The two payments of £100,000 each by Mary Cameron to her son in May and July 2011 were given tax-free and will only become liable to inheritance tax if she dies within seven years of the money being handed over.
Had Mr Cameron received the half a million pounds in one lump sum he would have been liable to pay the inheritance tax because it would have been over the tax threshold of £325,000.
It was also revealed the PM earned £90,000 in rental income from his family home last year.
Mr Cameron on Saturday admitted to Tory activists that he was to blame for his mishandling of the revelations about his profitable stake in his late father's offshore fund.
Ian Cameron, who ran a fund under the name Blairmore holdings, was one of thousands of individuals worldwide named in the Panama Papers data leak.
Labour leader Jeremy Corbyn said that while the manner in which Mr Cameron's inheritance had been handled was "within the rules", it "reduced the level of inheritance tax that is available to The Exchequer".
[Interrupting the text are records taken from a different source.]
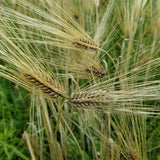 Dutchess Barley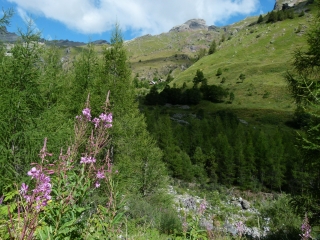TOUR DE PLANURE-hautes-alpes
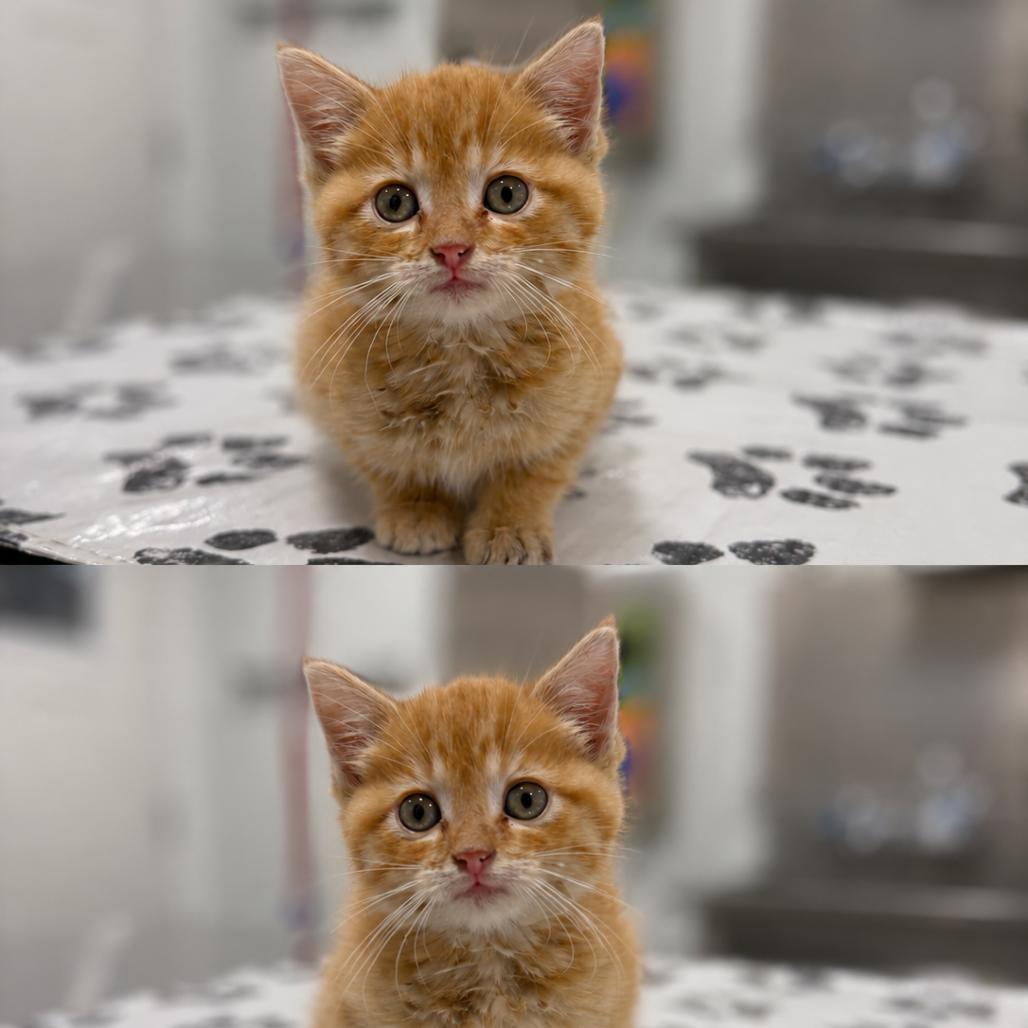 Sun, a Adoptable Domestic Short Hair in St. Louis, MO image 2/2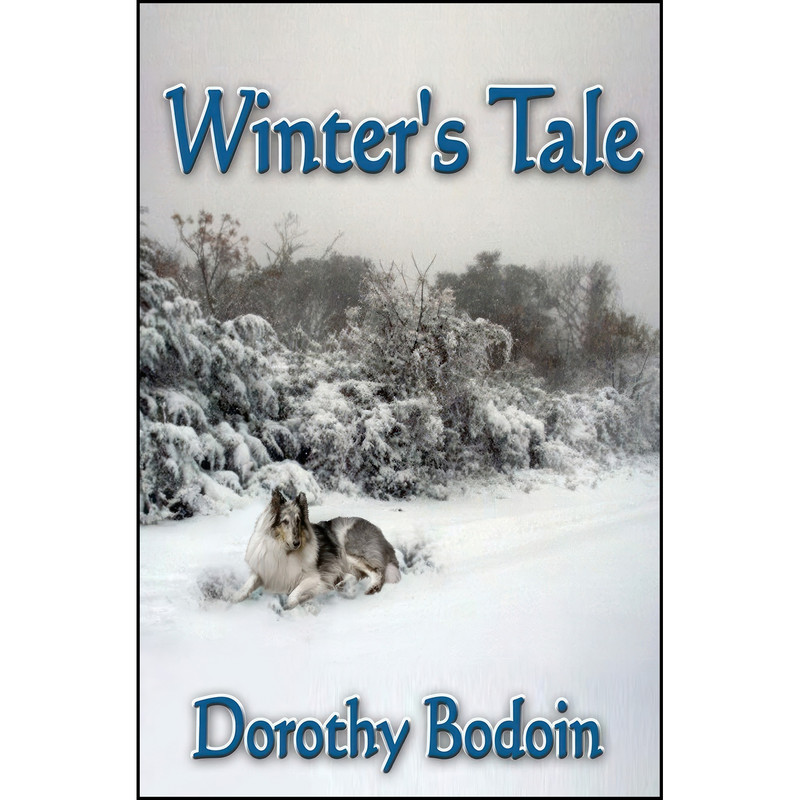 کتاب Winters Tale اثر Dorothy Bodoin انتشارات تازه ها کتاب Winters Tale اثر Dorothy Bodoin انتشارات تازه ها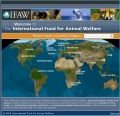 The International Fund for Animal Welfare IFAW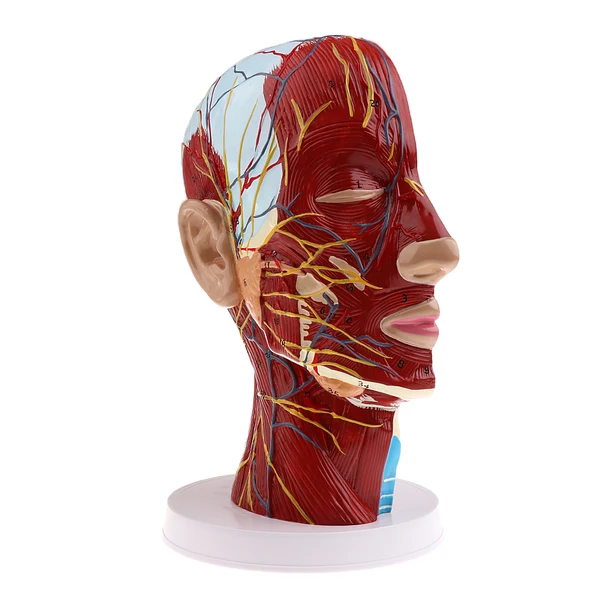Trusted Maxbell Superficial Median Sagittal Plane Of Head Model For Teaching And Presenting Selected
also suggested the UK needed to move towards a position where public figures revealed their financial affairs - politicians and journalists included - "so that everybody knows what influences are at play".
"Money and politics have to be treated with the greatest sense of openness possible so you know what influences are at work on any individual, on whatever political or any other decisions they make," he told BBC One's Andrew Marr Show.
Labour's shadow chancellor John McDonnell told Murnaghan: "I think people want openness and transparency".